Autor und Biologe David Bröderbauer entführt seine Leser in eine mystische Ecke Niederösterreichs: in den aufgelassenen Truppenübungsplatz „Wolfssteig“, der im wirklichen Leben weder so heißt, noch aufgelassen ist, wie hunderte Rekruten jedes Jahr feststellen dürfen.

Angelehnt an die wahre Geschichte des Tüpl - Enteignung und Vertreibung der Bevölkerung durch die Nazis - keimt hier im Roman nach Abzug des Bundesheeres die Hoffnung nach Rückkehr auf das Land der Väter auf. Doch die Rückkehrwilligen sind nicht die einzigen, die große Pläne mit dem riesigen Areal haben. Sie stehen Jägern, Naturschützern und dem Staat gegenüber, die in den aufgelassenen Kasernen Flüchtlinge untergebracht hat.

 

Neben den sich selbst überlassenen Buchen, Fichten, Kiefern und Birken dürfen sich Rehe, Wildschweine, Mufflons, mehrere Arten von Spechten und das vom Aussterben bedrohte Birkhuhn entwickeln. Biologe Ulrich Bruckner, der einst der Enge Wolfssteigs entronnen ist, kehrt nun im Auftrag des Naturverbundes zurück, um diese selten gewordenen Vögel zu zählen. Wir begegnen noch Christian Moser, dem ehemaligen Soldaten, der bei einem Unfall mit einem Panzer, hier auf dem Truppenübungsplatz ein Bein verloren hat und seine Hightech-Prothese mit magentafarbenen Lack ansprüht. Christian fristet sein Leben als Hausmeister im Asylantenheim und ist ein begnadeter Automechaniker, der jede noch so desolate Rostschüssel zum Laufen bringt.  
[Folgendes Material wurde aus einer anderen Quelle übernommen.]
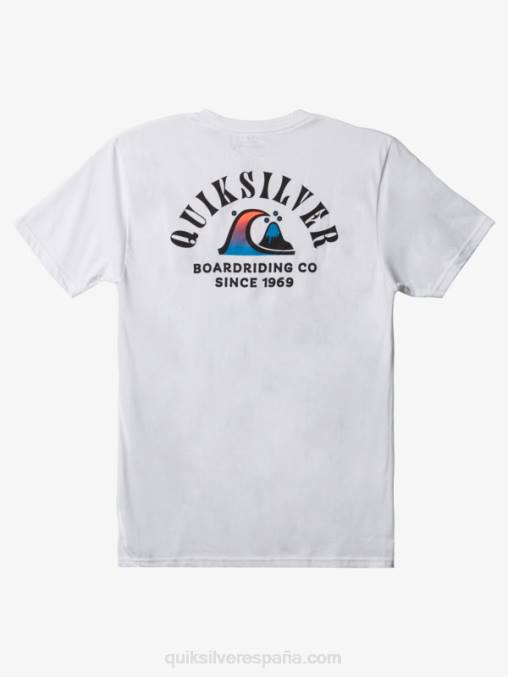 blanco camiseta de la curva del río D6T4D1518 hombres Quiksilver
Christian und Ulrich stolpern gemeinsam durch das DIckicht des Truppenübungsplatzes, um die Birkhühner zu suchen. Dabei stöbern sie nicht nur allerlei Getier auf, sondern bekommen es mit den unterschiedlichen Interessen rund um den Tüpl zu tun. Selbst der nigerianischer Pfarrer mischt im Gerangel um die Nachnutzung mit. 

Meine Meinung: 

In seinem Debüt-Roman schneidet der Autor viele Themen an. Die Leser können sich ein Bild von der Artenvielfalt der unterschiedlichen Interessen machen. So trifft der Leser hierauf Landflucht, Reminiszenz an Vergangenes, Flucht, Vertreibung (die eigene), Fremdenfeindlichkeit sowie Naturschutz und zarte Liebe. Jedes Thema hat für sich seine Daseinsberechtigung, ein Miteinander scheint unmöglich. Hier prallen gegensätzliche Welten aufeinander.  

In Wahrheit robben nach wie vor Rekruten durch das dichte Unterholz, zerstören gepanzerte Fahrzeuge dasselbe und - ein Triumph der Natur - haben sich Wölfe angesiedelt. Ein Trupp Soldaten beobachtet das Rudel genau, übernimmt also die Rolle von Ulrich. Sehr zum Ärger der Bevölkerung und der Jäger (was häufig eine Personalunion darstellt), die die eingewanderten Wölfe lieber heute als morgen vor den Flinten hätten. 

David Bröderbauer ist 1981 in Zwettl, einer Kleinstadt die nur wenige Kilometer vom Truppenübungsplatz entfernt liegt, geboren. Er kennt daher Land und Leute. Sein beinahe karg anmutender Erzählstil, seine schnörkellosen Sprache passt ausgezeichnet zum schroffen Waldviertel und seinen Bewohnern. Als bekennender Waldviertel-Fan finde ich diesen Roman doch sehr poetisch. Manche Szenen wirken sehr vertraut: Die männliche Dorfjugend auf ihren (von Christian) niedergelegten PS-starken Autos, das Macho-Gehabe in der Dorfdisco und die Ablehnung von Neuem oder Fremden.  

Die Schilderung der Naturschönheiten lassen eine starke Verbundenheit des Autors mit seiner Heimat vermuten. Der Kontrast - hier Knarzen des Holzes und Tirilieren der Vögel und dort scharfe Kommandos und das Dröhnen von Panzerhaubitzen, kann nicht größer sein.  

Fazit: 

Ein durch und durch gelungener Debütroman, dem ich gerne 5 Sterne und eine Leseempfehlung gebe.